The entries are to be repeated in full, without any change.

——

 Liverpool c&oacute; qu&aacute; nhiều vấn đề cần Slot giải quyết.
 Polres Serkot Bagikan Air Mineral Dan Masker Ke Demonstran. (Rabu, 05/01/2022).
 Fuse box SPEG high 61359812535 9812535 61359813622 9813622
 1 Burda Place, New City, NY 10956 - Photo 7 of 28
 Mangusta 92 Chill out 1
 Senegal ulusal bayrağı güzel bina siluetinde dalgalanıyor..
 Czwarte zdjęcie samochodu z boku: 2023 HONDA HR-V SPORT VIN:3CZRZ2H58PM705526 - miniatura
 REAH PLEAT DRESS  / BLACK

——

Your solution
 Liverpool c&oacute; qu&aacute; nhiều vấn đề cần Slot giải quyết.
 Polres Serkot Bagikan Air Mineral Dan Masker Ke Demonstran. (Rabu, 05/01/2022).
 Fuse box SPEG high 61359812535 9812535 61359813622 9813622
 1 Burda Place, New City, NY 10956 - Photo 7 of 28
 Mangusta 92 Chill out 1
 Senegal ulusal bayrağı güzel bina siluetinde dalgalanıyor..
 Czwarte zdjęcie samochodu z boku: 2023 HONDA HR-V SPORT VIN:3CZRZ2H58PM705526 - miniatura
 REAH PLEAT DRESS  / BLACK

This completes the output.